Nya lives in a world of Healers, Takers and Pain Merchants: people who can take pain from people and either store it away or turn it into powerful weapons. But Nya has a unique ability to actually be able to shift pain (hence the American name of the book) from one person to another. The story is what happens when this ability becomes known by those who would use her for it.
I'd read Janice's blog for a while before I decided to get the book, and in some ways I was surprised. I think I expected it to be more mature than it was: but I was forgetting that this is a teen book, perhaps Middle Grade (but I'm not entirely sure what Middle Grade actually is). Saying that though, I still really enjoyed the book and the world Nya lives in was lovely to see and experience.
The healing idea is marvellous. As I said in the introduction, the ability is to take away the pain from an injury and- optionally- to be able to heal that injury. The pain is held in the healer's body until pynvium can be found: a rare metal that (when raw) is able to contain pain. In some ways, it's straightforward, but then I didn't want a huge and complicated magic system- and in it's good that it isn't magic. What's been done here is much more involved and sophisticated, in my opinion. One idea has been taken: that someone can heal someone else. What has then been done is that it was fleshed out. A problem with some magic in books is that- like in Harry Potter- no end of magic can be cast without personal effects. There is just an endless pool of magic while the magic itself is based on knowledge and creativity. Much better are the systems that cause the energy for magic to be taken from the caster, but that is an over-used idea. Janice's system is great because it really is a real effect: the healer will completely experience the pain of whoever they heal, they just won't have the physical injury.

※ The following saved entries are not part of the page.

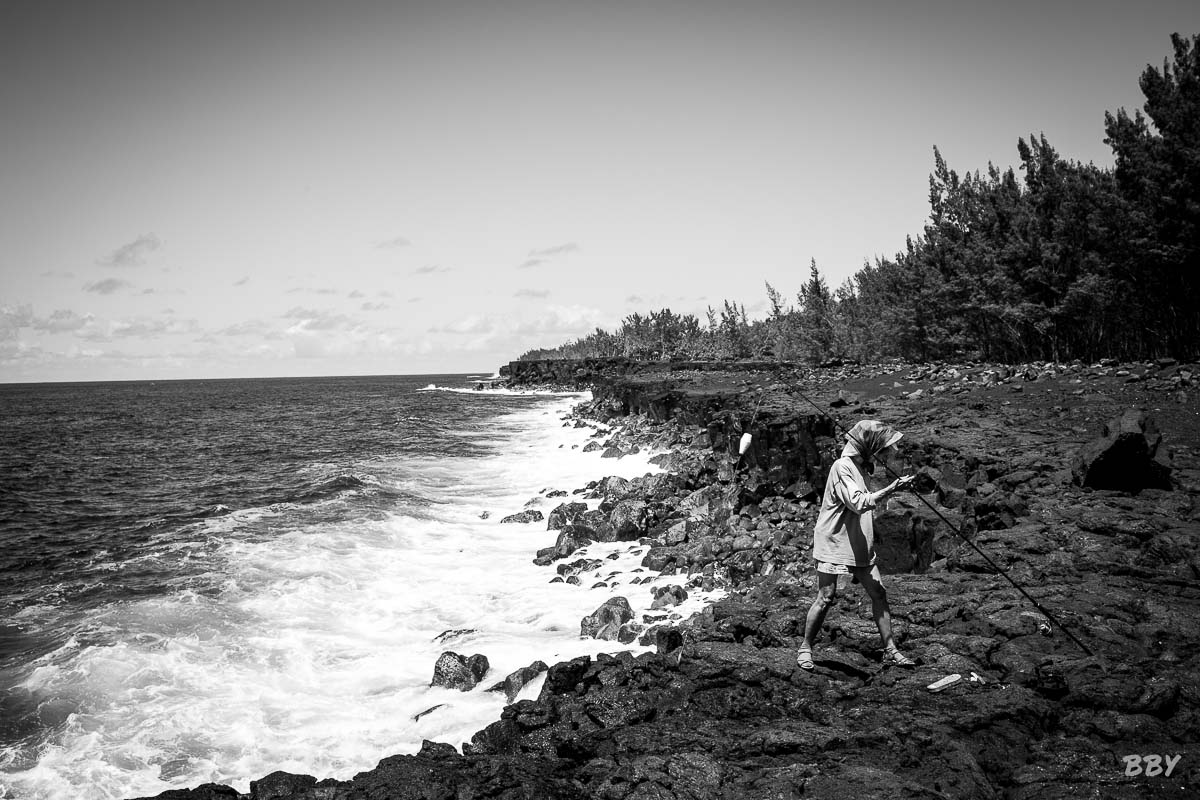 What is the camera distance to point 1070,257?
35.0 m

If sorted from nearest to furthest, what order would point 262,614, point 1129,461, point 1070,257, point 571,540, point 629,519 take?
point 1129,461
point 262,614
point 571,540
point 629,519
point 1070,257

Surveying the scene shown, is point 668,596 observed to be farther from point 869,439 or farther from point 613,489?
point 613,489

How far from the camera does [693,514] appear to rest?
19906 mm

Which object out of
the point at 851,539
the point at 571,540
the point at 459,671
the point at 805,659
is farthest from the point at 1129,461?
the point at 571,540

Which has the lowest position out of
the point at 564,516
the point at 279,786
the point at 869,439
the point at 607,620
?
the point at 607,620

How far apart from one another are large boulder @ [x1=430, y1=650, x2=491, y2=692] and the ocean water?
0.90 feet

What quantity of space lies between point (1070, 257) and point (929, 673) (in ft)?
127

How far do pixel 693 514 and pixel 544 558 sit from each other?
5305mm

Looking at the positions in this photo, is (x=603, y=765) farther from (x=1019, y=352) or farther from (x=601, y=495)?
(x=1019, y=352)

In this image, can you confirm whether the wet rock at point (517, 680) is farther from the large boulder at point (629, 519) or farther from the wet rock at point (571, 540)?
the large boulder at point (629, 519)

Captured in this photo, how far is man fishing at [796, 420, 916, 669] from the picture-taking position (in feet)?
22.3

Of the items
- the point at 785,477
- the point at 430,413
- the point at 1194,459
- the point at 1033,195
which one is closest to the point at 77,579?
the point at 785,477

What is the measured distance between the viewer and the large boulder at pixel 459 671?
34.1 ft

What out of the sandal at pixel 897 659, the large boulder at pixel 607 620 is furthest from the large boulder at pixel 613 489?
the sandal at pixel 897 659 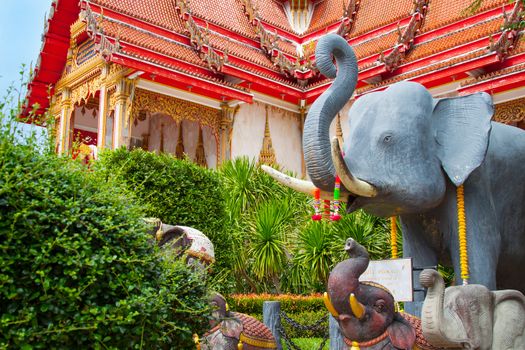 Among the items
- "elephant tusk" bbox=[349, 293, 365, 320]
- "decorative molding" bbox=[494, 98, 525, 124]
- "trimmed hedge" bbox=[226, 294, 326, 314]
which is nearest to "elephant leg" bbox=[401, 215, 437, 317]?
"elephant tusk" bbox=[349, 293, 365, 320]

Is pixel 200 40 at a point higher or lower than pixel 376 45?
lower

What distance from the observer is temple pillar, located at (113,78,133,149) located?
1361 centimetres

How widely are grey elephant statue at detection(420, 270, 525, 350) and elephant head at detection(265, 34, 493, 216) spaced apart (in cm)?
112

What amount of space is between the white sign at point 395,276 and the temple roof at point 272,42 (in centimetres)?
915

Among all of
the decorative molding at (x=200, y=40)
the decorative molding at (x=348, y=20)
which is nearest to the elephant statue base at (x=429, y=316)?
the decorative molding at (x=200, y=40)

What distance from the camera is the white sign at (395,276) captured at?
4.45 m

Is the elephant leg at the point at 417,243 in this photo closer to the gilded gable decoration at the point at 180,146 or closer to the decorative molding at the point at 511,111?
the decorative molding at the point at 511,111

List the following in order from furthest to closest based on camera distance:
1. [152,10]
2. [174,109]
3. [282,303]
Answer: [152,10] < [174,109] < [282,303]

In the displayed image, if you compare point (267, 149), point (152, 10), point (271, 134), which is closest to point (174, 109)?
point (152, 10)

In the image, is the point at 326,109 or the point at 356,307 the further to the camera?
the point at 326,109

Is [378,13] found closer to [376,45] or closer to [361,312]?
[376,45]

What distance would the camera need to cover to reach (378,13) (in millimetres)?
18562

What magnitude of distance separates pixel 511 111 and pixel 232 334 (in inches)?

The city itself was interesting too- as was it's place as city in a world. There is class divide in the city between the aristocrats who dominated the land through war and the natives who fought them. None of the descendants of those natives have positions of power, they- the Gevegs- are beggars and manual labourers who work so that the Baseeris stay rich. The animosity between both groups is always apparent and it's the underlying tension throughout the city. A Baseeri believe that every Geveg's life is worth less than his own, and they would let thugs or worse do what they will with them. They turn a blind eye for their own protection.
|American Cover (I prefer)|
One of the things I didn't like was the characterisation. I'm not going to make an issue of this because it isn't at the same maturity as some things I read so there can't always be the same moral ambiguity. Good and Evil are mostly clear cut, though the Pain Merchants (which is like a mob version of the League) are somewhat unclear. Even Nya, who is stealing eggs at the beginning, shows some sort of ambiguity. Yet it's all rather low-key and the manner of it makes it clear whether it's a good or bad deed. Nya is starving, so theft can be acceptable; and she also offers to work for her food once caught. She is a good character in a tough situation. As for the Pain Merchants, they are seen as ultimately bad. Though they might do good, it's for capitalist reasons of money-making.
The other thing noticed myself disliking was some of the slang in the book. Some of it was local dialect, but when "cos" starting being used instead of "because" or " 'cause" the grammar freak in me lashed out and I got rather annoyed every time it was used after. I do remember some others, but that is the one that annoys me the most. Also, some of the names were bothersome since they seemed to awkward, but I think I'm just being unwarrantedly picky.
As a fantasy book for younger readers, I do think this was quite good. I would have preferred a more mature book, but knowing my old tastes, I know I would have liked it. I think the fact I read it all in a day is a nod towards the fact it is a good book. If you're looking for something simple, enjoyable and fantastical, look no further.